After installing a pair of Virtualized Network Expansion Modules (X4238) in our Blade 6000 chassis, my ESX 3.5 Update 5 hosts will randomly fail with the error "scsi: device might be offline - command error recovery failed: host 5 channel 0 id 0 lun 0." This does not represent LUNS on our Sun/Qlogic FC hbas (PCIe dual 4Gig). The old Dell blades sharing the FC LUNs are not experiencing any SCSI errors whatsoever. It appears to me this is referring to the VNEM's SAS fabric, but we have no SAS drive modules in the chassis. Is the fact that it sees other hosts on this fabric causing issues? I'd like to disable the SAS fabric, but don't see a way to do this via the BIOS or VNEM ILOM. Do you think I'm barking up the wrong tree?
There is some confusing statements in your description.
If you are not using the SAS portion of the X4238 SB 6000 Virtualized 10GB Multi-Fabric Newtork Express Module then I can assume you have removed the REM from the x6250 blade?
There is no direct way to disable the SAS Expander Fabric on the NEM.

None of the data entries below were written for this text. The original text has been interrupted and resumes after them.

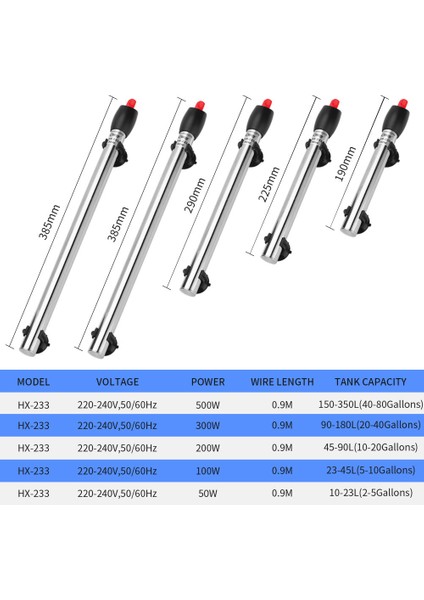 HX-233-200W Stili Ab Fişi Akvaryum Isıtıcı Dalgıç Paslanmaz Çelik Ayarlanabilir Otomatik Akvaryum Balık Tankı Su Sıcaklığı Termostat Isı Kontrolü (Yurt Dışından)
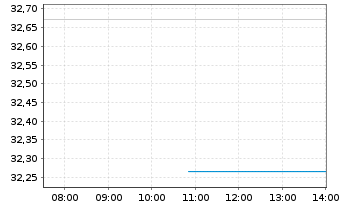 Chart DxnSETF-Dai.20+Yr Tr.Bl&Br 3XS - Intraday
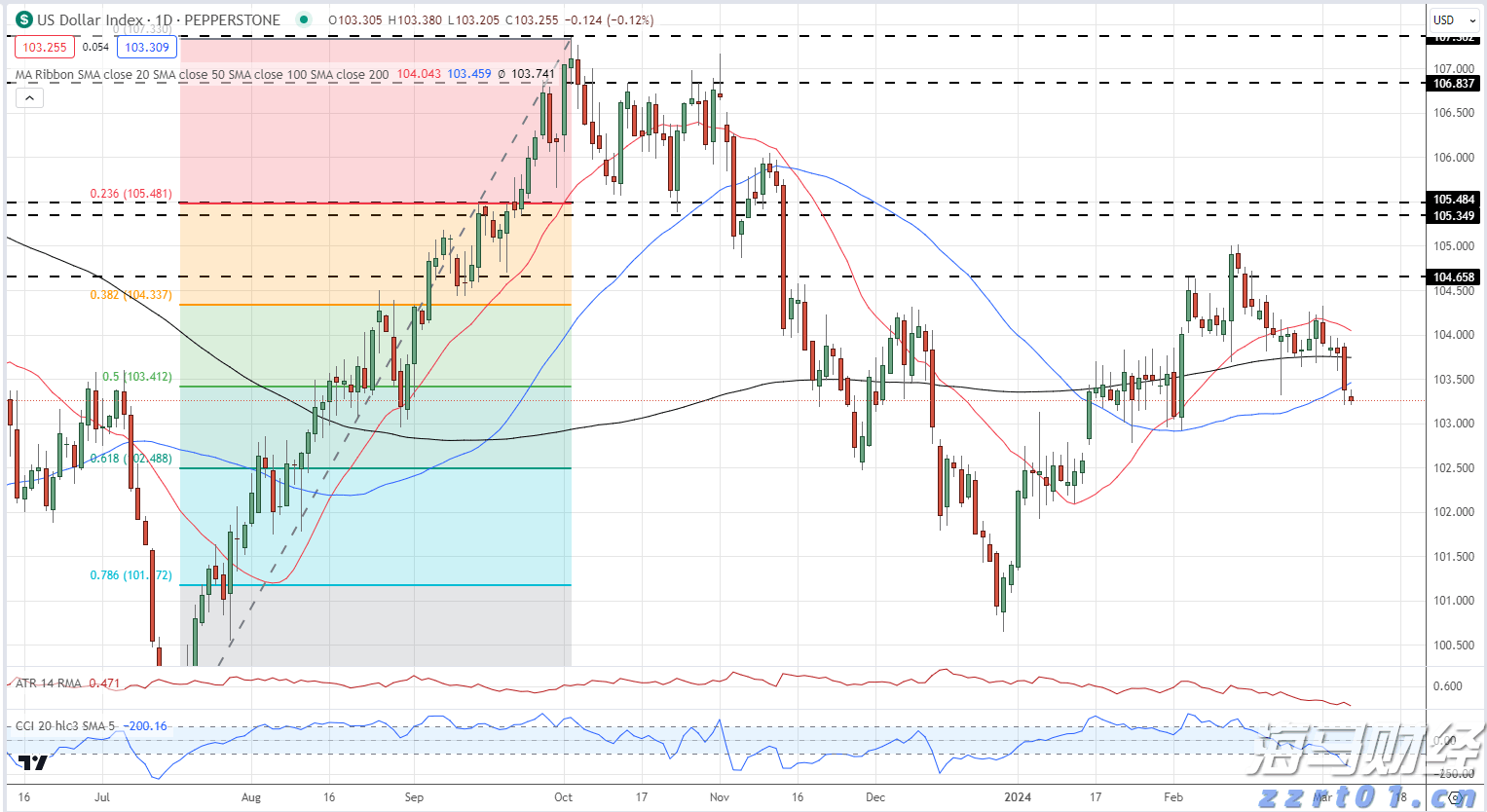 严格考核抗菌、除菌、除异味等指标,电坐便器便座国家标准发布
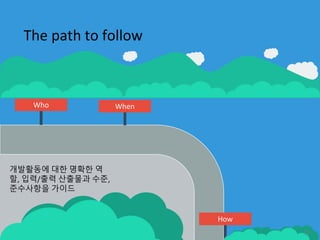 The path to follow
Who When
How
개발활동에 대한 명확한 역
할, 입력/출력 산출물과 수준,
준수사항을 가이드
17
 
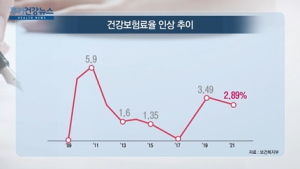 [쿠키건강뉴스] 내년 건보료율 2.89% 인상…직장인 월평균 3,399원↑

Sorry, no. We are not using the SAS features at all. That's what I wanted to test - if I could somehow "hide" this interface from the blades, that would be one fewer potential conflict. But it looks as if that's not a possibility.

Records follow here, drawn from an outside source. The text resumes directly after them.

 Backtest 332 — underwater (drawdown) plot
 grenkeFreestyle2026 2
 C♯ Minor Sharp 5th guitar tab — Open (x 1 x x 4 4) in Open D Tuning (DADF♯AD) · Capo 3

We are using the REM for the host OS (VMware ESX 3.5 Update 5). I suppose we could do this without RAID, but I was hoping not to. Besides, the SCSI errors are not related to that HBA, near as I can tell.
The issue with removing the REM from the blades is you will have no access to internal blade SAS drives so the blades won't boot unless booting from external source or using Compact Flash instead. Internal bridge chip only supports connecting to SATA drives without the REM installed I'm afraid.

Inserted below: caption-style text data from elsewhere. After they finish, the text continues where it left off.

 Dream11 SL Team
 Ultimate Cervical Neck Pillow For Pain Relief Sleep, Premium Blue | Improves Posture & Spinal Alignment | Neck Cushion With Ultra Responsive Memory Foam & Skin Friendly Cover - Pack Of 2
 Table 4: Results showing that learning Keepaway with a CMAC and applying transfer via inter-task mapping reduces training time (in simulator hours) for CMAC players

Some further tips here with the virtualized NEM is to ensure that all blades within the chassis have the latest firmware which includes SP/BIOS/REM adaptec/ NEM firmware. Because this is a shared fabric one down revved blade can affect the rest so ensure everything is the latest. This is documented in the NEM guides.
Yes, I had updated the blade firmware to the current provided (though I see reference to a newer version in the docs, but not at the download site). However, it seems related to interrupt sharing with the NXGE card/driver under ESX 3.5. I have an open case with Sun, and while they suspected a known issue with the aacraid driver (ESX350-201003402-BG), that had already been installed. They're now asking to create a case with VMware. In the meantime, I've tested a pair of our X6250s without the NXGE, installing the original quad port GigE NIC (Intel). Those hosts are very stable. It may not be the VNEM at all, but I'll keep you posted.
I forgot to update this thread. It is, in fact, a bug with the NXGE driver (version 1.3.5 from Jan 2010). They are working on it. I had to remove this card and go back to a 1Gigx4 Intel card. The SB6000 chassis has two 10GigE Virtualized NEMs, so we're using those for the vmkernel, so at least we get 10GigE on the storage (iSCSI to a Storage 7410 cluster). Not as bad as it could be.
Incidentally, I noticed a similar lockup on an identical X6250 with the 10GigE NXGE card with heavy traffic under Red Hat Enterprise Linux 5.5. Given the similarities between RHEL and the ESX 3.5 system console, it's likely the same problem.